What you will do: Lines before the one with "大崎で50年以上の実績" are left out; return that line and all that follow it, exactly, through the end of the data.

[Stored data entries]
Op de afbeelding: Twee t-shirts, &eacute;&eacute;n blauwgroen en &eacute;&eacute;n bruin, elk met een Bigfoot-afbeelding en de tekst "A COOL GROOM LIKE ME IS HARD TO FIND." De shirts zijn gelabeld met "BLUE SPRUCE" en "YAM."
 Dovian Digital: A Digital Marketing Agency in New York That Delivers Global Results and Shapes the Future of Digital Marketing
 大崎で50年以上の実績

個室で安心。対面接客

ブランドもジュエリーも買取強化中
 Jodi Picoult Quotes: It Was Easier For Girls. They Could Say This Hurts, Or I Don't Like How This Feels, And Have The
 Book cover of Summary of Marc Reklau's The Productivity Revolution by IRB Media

Your response:
 大崎で50年以上の実績

個室で安心。対面接客

ブランドもジュエリーも買取強化中
 Jodi Picoult Quotes: It Was Easier For Girls. They Could Say This Hurts, Or I Don't Like How This Feels, And Have The
 Book cover of Summary of Marc Reklau's The Productivity Revolution by IRB Media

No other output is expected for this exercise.